Quickstart Guide
This guide will get you running your first CSA analysis in under 15 minutes. You’ll go from a basic configuration to analyzing crystal structure data.
Prerequisites
Before starting, ensure you have:
✅ CSA installed (see Installation)
✅ CCDC license and CSD database access
✅ Virtual environment activated
# Activate your CSA environment
source csa_env/bin/activate # macOS/Linux
csa_env\Scripts\activate # Windows
The Five-Stage CSA Pipeline
CSA transforms CSD data through five stages:
Family Extraction - Query CSD for structure families
Similarity Clustering - Group similar crystal packings
Representative Selection - Choose optimal structures
Data Extraction - Extract detailed structural data
Feature Engineering - Compute advanced descriptors
Let’s run through each stage with your first analysis.

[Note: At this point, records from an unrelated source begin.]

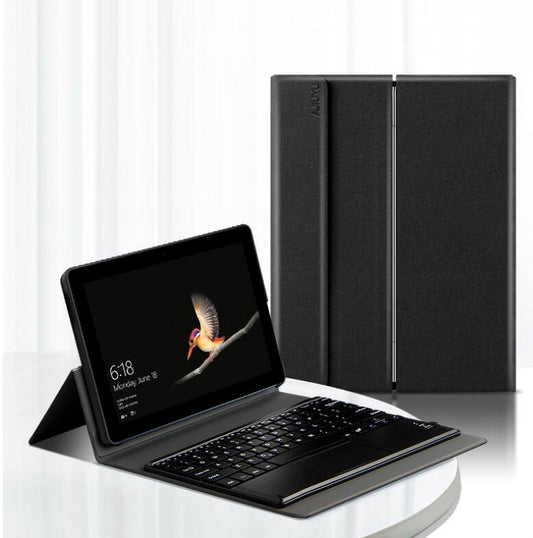 Metal Hinge Backlit Touchpad Keyboard Surface Go 1 Case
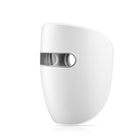 Dessin masque de beauté LED Recovery Premium Soins du visage pour la maison - Blanc-LED rouge: Aide à améliorer l'élasticité, la compacité, le niveau d'hydratation, la texture et l'éclat de la peau.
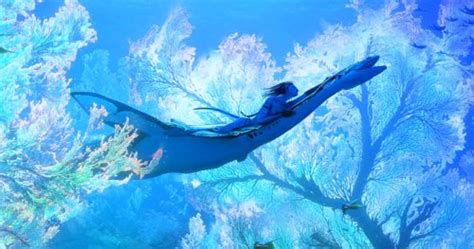 Avatar 2 Concept Art Goes Underwater For World Oceans Day Flipboard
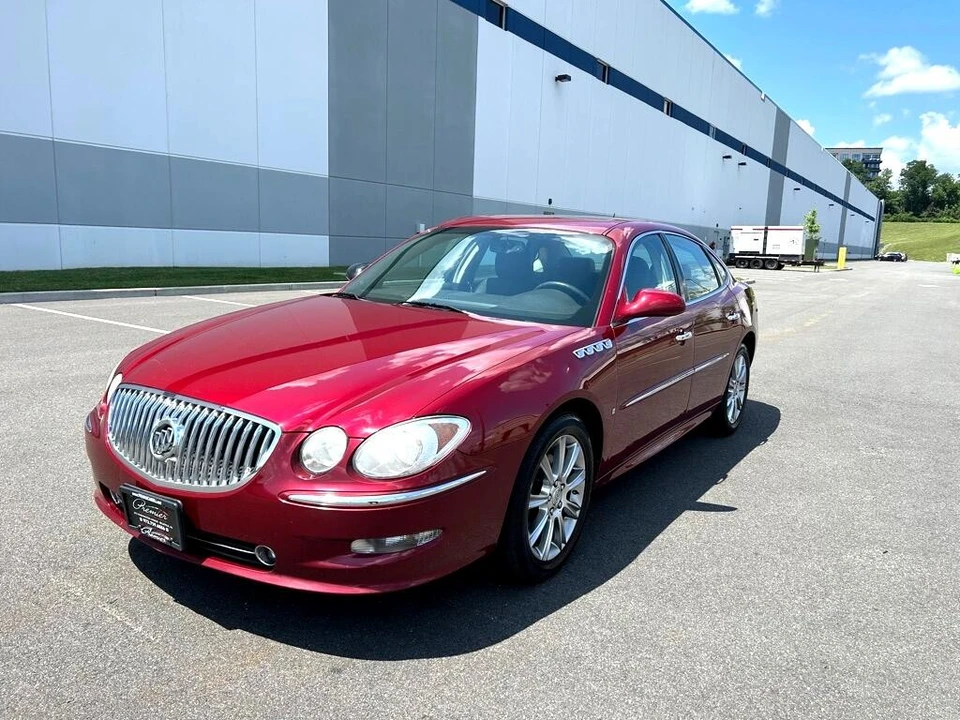 2008 Buick LaCrosse - Image 6 of 12
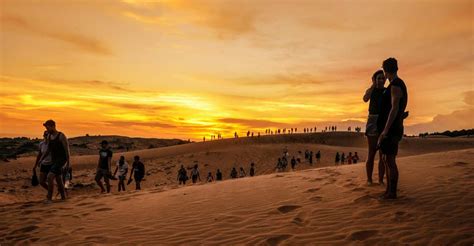 HCM To Mui Ne Jeep Tour Sand Dune Sunrise Or Sunset Full Day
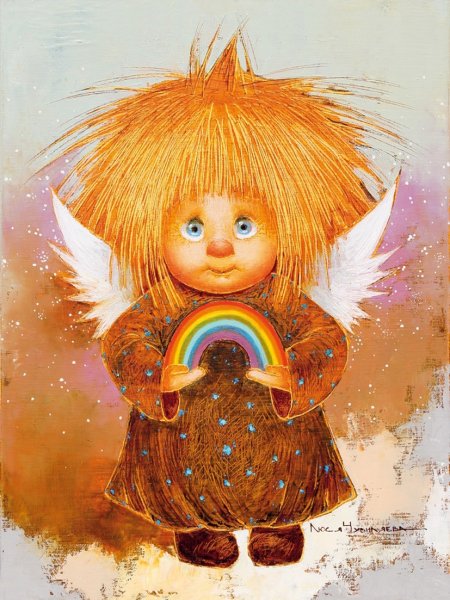 Ангелы Галины чувиляевой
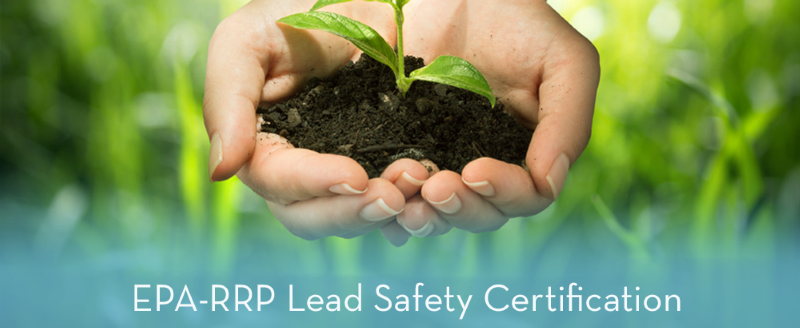 EPA RRP Lead– Training and Certification Course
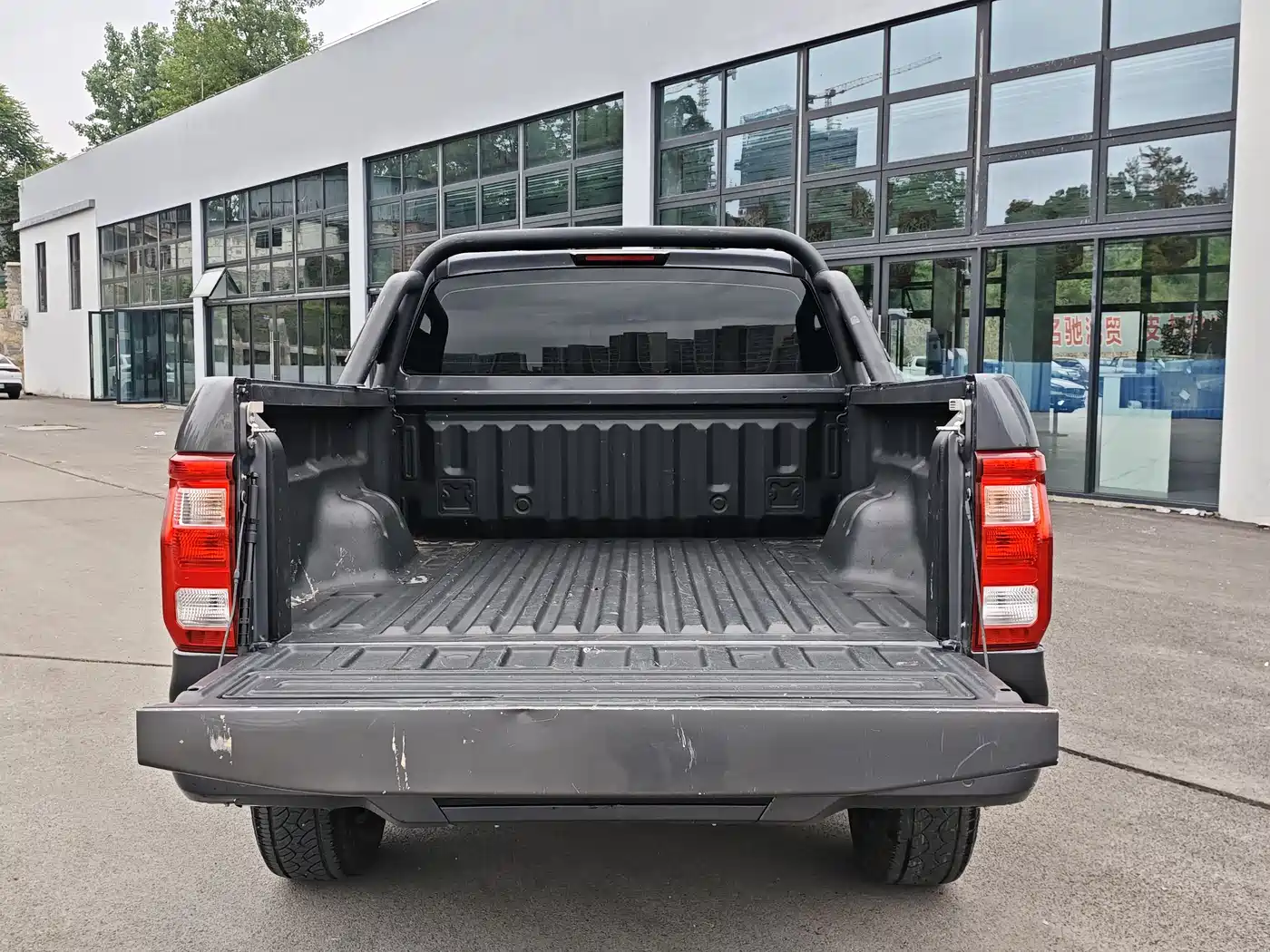 Foton Mars 2025 Mars 7 2.0T Diesel Automatic 4WD Long Cab Voyage Edition фото 8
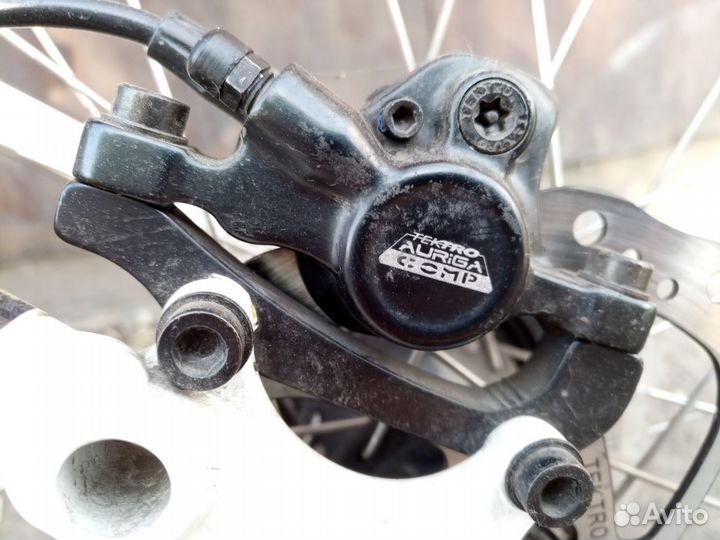 Горный велосипед GT Avalanche 2.0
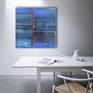 hanging on the wall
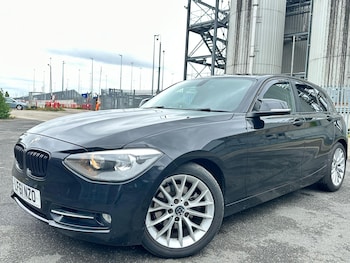 Used BMW 1 Series 2011 for sale - 75247634: Photo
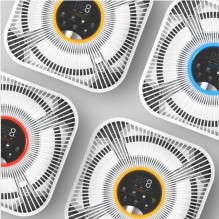 Air purifier Adolus ELITE + Additional filter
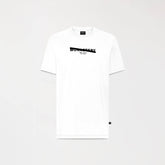 CAMISETA THREE BLANCA FRENTE - MONASTERY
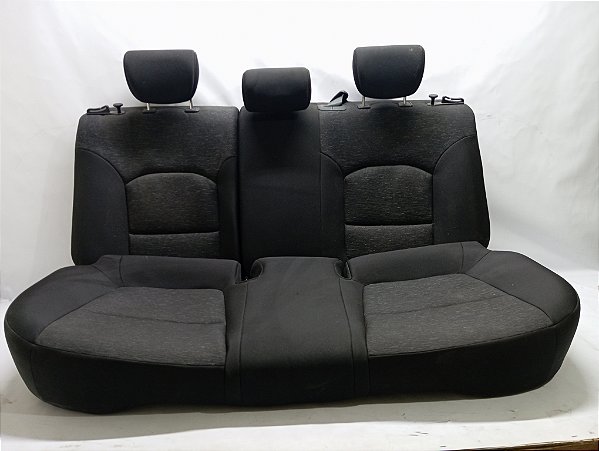 BANCOS TRASEIROS HYUNDAI CRETA 1.6 AUT 20/21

Step 1: Create Your Configuration
Create a Simple Configuration
Create a file named my_first_analysis.json:
{
"extraction": {
"data_directory": "../my_first_csa_run/",
"data_prefix": "small_hydrocarbons",
"actions": {
"get_refcode_families": true,
"cluster_refcode_families": true,
"get_unique_structures": true,
"get_structure_data": true,
"post_extraction_process": true
},
"filters": {
"structure_list": ["csd-unique"],
"crystal_type": ["homomolecular"],
"target_species": ["C", "H"],
"target_space_groups": ["P21/c","P-1"],
"target_z_prime_values": [1.0],
"molecule_weight_limit": 300.0,
"molecule_formal_charges": [0],
"unique_structures_clustering_method": "vdWFV"
},
"extraction_batch_size": 32,
"post_extraction_batch_size": 32
}
}
Configuration Explained
Step 2: Run Your First Analysis
Execute the Pipeline
Navigate to your CSA directory and run:
cd /path/to/crystal-structure-analysis
python src/csa_main.py --config my_first_analysis.json
Monitor Progress
You’ll see output like this:
2025-05-03 20:02:39,843 - root - INFO - Loading configuration from csa_config.json
2025-05-03 20:02:39,846 - root - INFO - Starting extraction step...
2025-05-03 20:02:39,846 - crystal_analyzer - INFO - Starting data extraction pipeline...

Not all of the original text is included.